According to Section 52 of the GST Act, 2017, TCS is mandated to be collected on the ‘net value of taxable supplies’[11] made through a website/portal by other suppliers where the consideration is to be collected by the e-commerce operator at the rate of 1%. However, as seen in the case mentioned above (in re: Opta Cabs Pvt. Ltd.), even when the consideration is collected by the supplier directly, the e-commerce operator is bound to deduct TCS.

In cases where the e-commerce platform is used to sell the products of the operator itself, TCS is not required to be collected. Those transactions will however be liable to GST at the prevailing rates. TCS is also not mandated for supply of exempted goods and services.
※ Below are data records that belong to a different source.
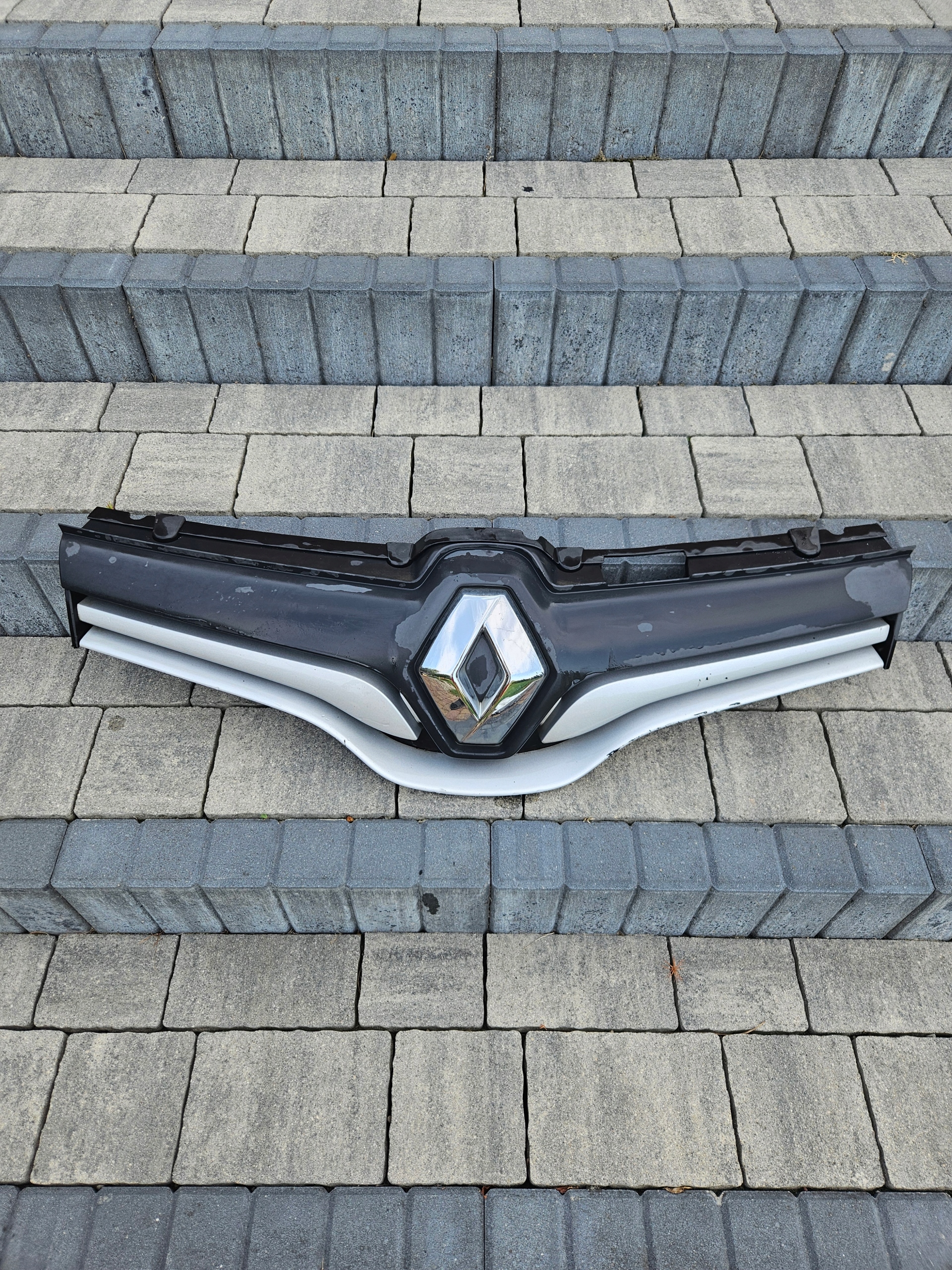 Renault Kangoo RJK Kühlergrill FRONTGRILL Kühlergitter 6587419289R - Thumbnail 1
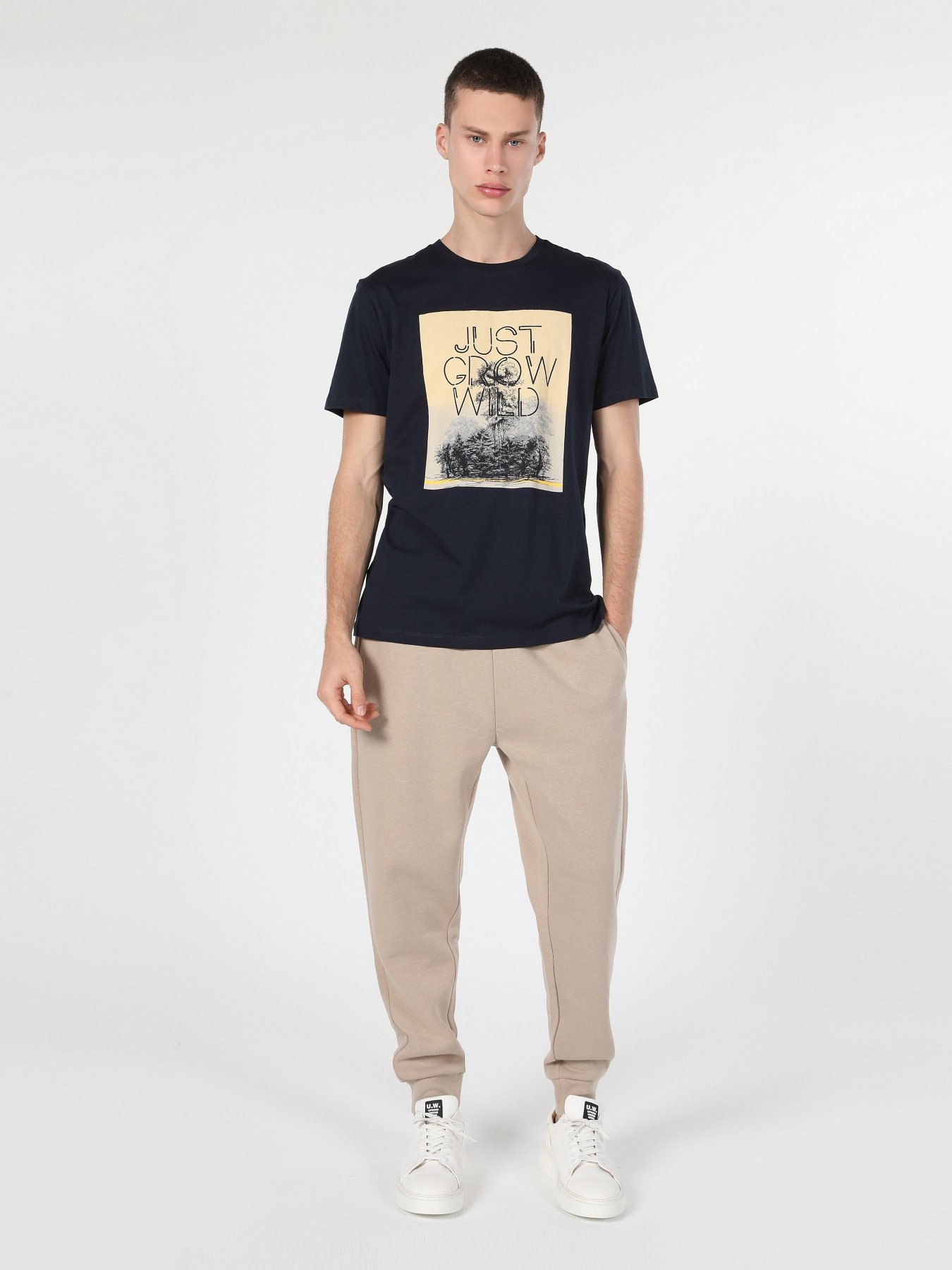 Футболка Colin’s модель CL1059878NAV Фото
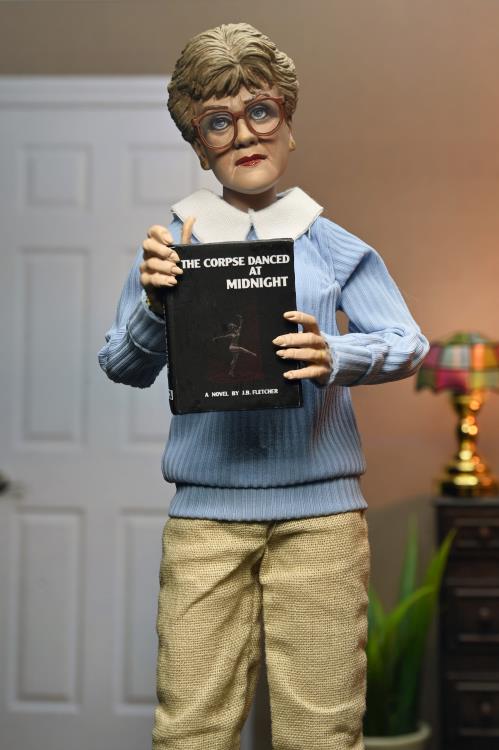 Murder, She Wrote Jessica Fletcher Clothed Action Figure Gallery Image 10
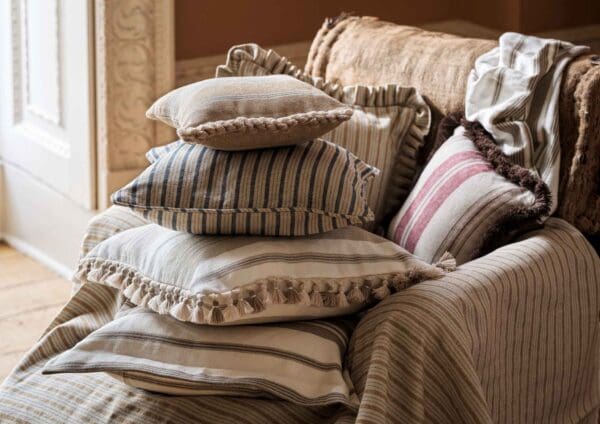 Sanderson Highgrove Stripes Tetbury Stripe Fabric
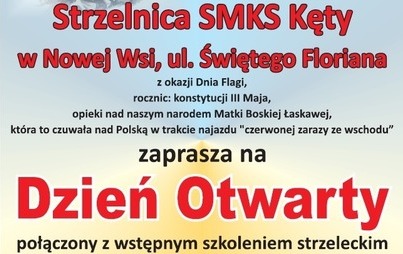 Zdjęcie do Strzelnica SMKS zaprasza na Dzień otwarty!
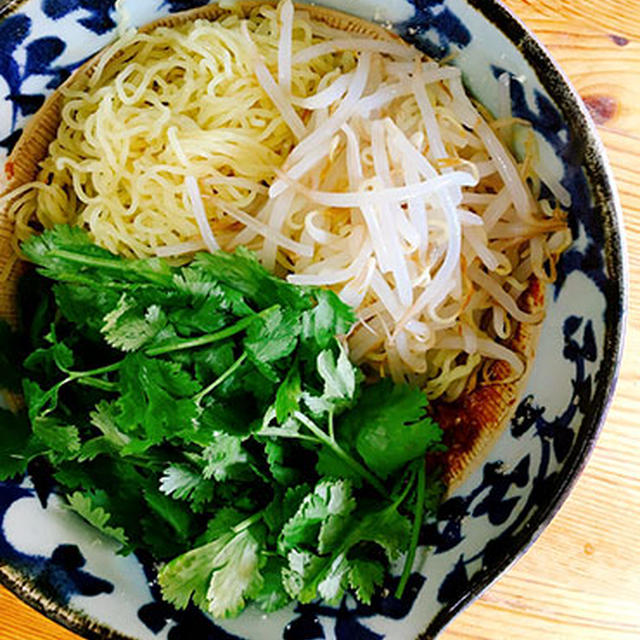 暖かくなったので、冷やし麺〜スパイシーだれ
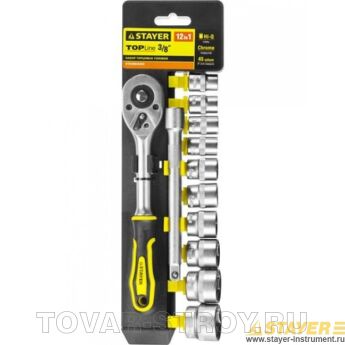  STAYER 27752-H12   (3/8")  . , , ., 10-24, 12 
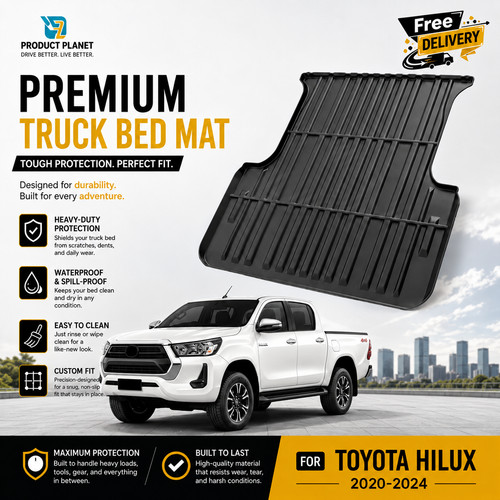 Truck bed mat - truck, liner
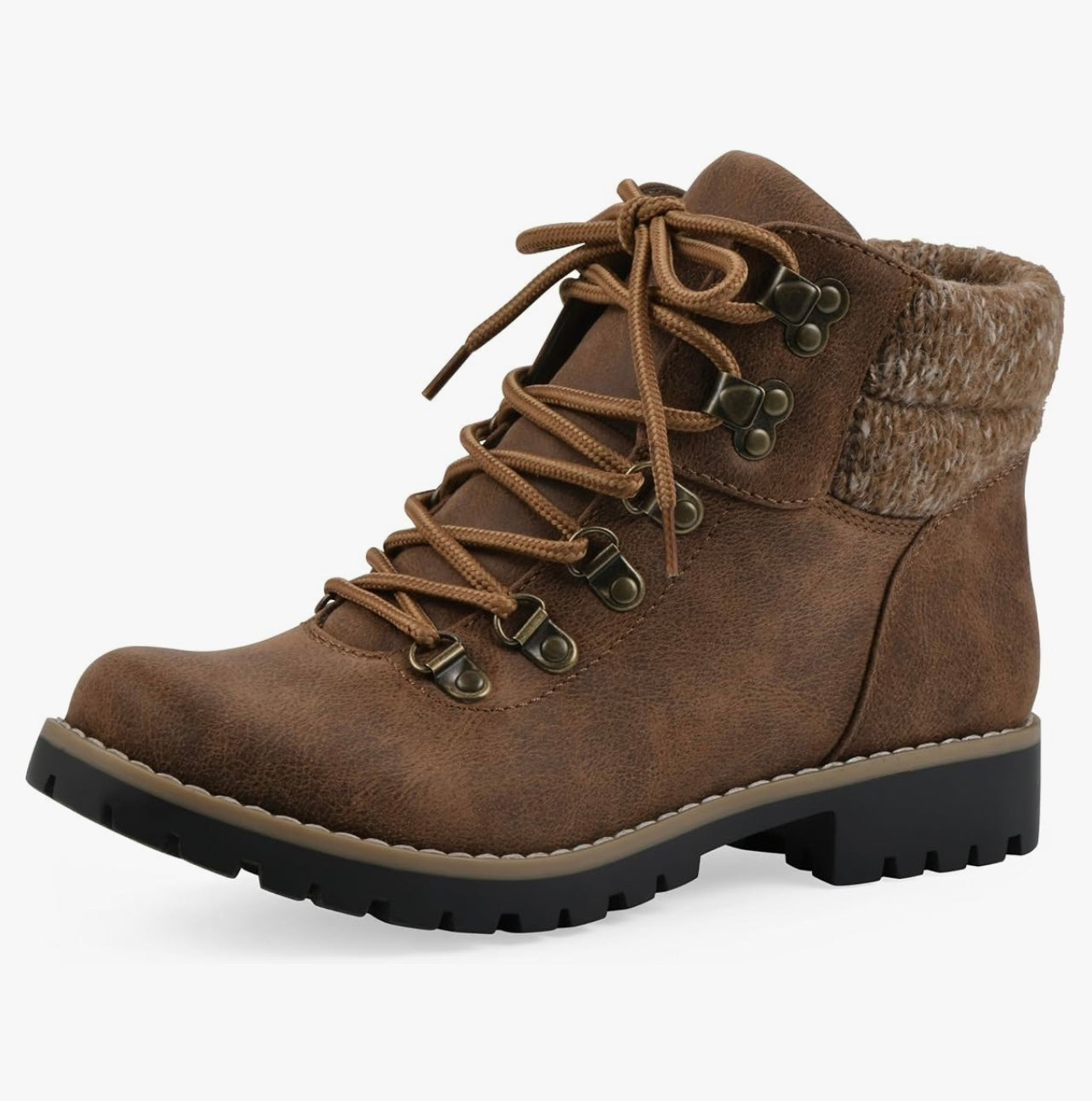 CLIFFS BY WHITE MOUNTAIN Shoes Pathfield Women's Lace-up Hiker Style Bootie. Size 11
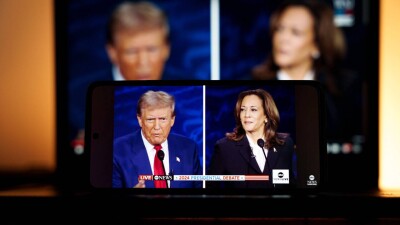 Харрис позвонила Трампу и поздравила его с победой на выборах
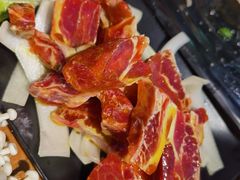 -枣玛露炭火烤肉脊骨锅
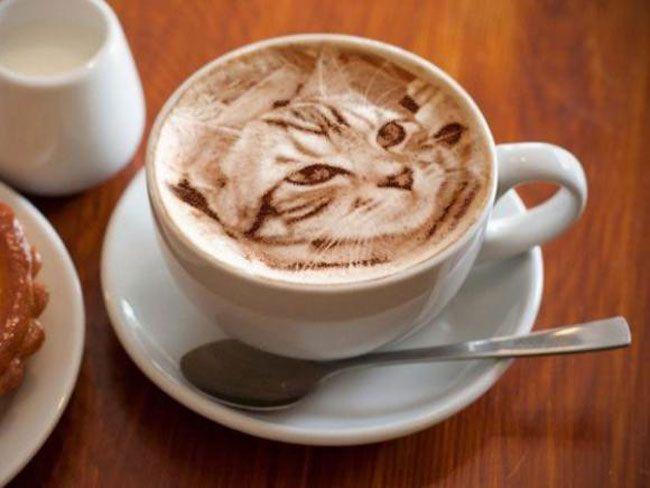 Amazing Coffee Art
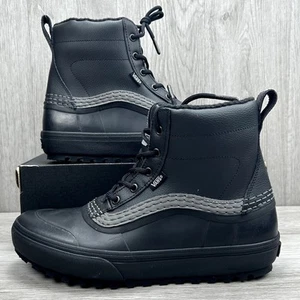 Vans Standard Mid MTE Black SK8 Schneestiefel Herren 10,5 wasserdicht Ente Winterstiefel - Bild 1 von 10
It is also pertinent to mention at this point that the threshold limit exemptions are not made available to e-commerce operators as under Section 24(ix) of the CGST Act, 2017. One exception to this rule being is that in case where it is the liability of the e-commerce operator to pay tax on behalf of the suppliers under a notification issued under section 9 (5) of the CGST Act, 2017, such suppliers are allowed to make use of the threshold exemptions.

CONCLUSION:

GST law is a relatively new law and is undergoing changes. The complexities involved in an e-commerce transaction coupled with the changing interpretations of GST regime render it difficult to understand. An e-commerce operator involves in several transations on a daily basis. For the convenience of reporting and tracking the supply, the government has attempted to provide a comprehensive structure of taxation under GST. Every attempt has been made to simplify the concept hereinabove.

References:

[1] The E-commerce market in India, EcommerceDB, https://ecommercedb.com/en/markets/in/all, https://ecommercedb.com/en/markets/in/all

[2] Market size of e-commerce industry across India from 2014 to 2018, with forecasts until 2027, Statista, https://www.statista.com/statistics/792047/india-e-commerce-market-size/

[3]Work Programme on Electronic Commerce, 1998, World Trade Organisation, https://www.wto.org/english/thewto_e/minist_e/mc11_e/briefing_notes_e/bfecom_e.htm

[4] Glossary, OECD, https://stats.oecd.org/glossary/detail.asp?ID=4721

[5] DPIIT, https://dpiit.gov.in/sites/default/files/ru1124.pdf

[6] E-commerce, Ministry of Electronic and Information Technology, https://www.meity.gov.in/e-commerce

[7] Section 2(16) of the Consumer Protection Act, 2019

[8] The CGST Act, 2017 is in consonance with the SGST Act, 2017 and the UTGST ACT, 2017 with minor differences not applicable to the present discussion.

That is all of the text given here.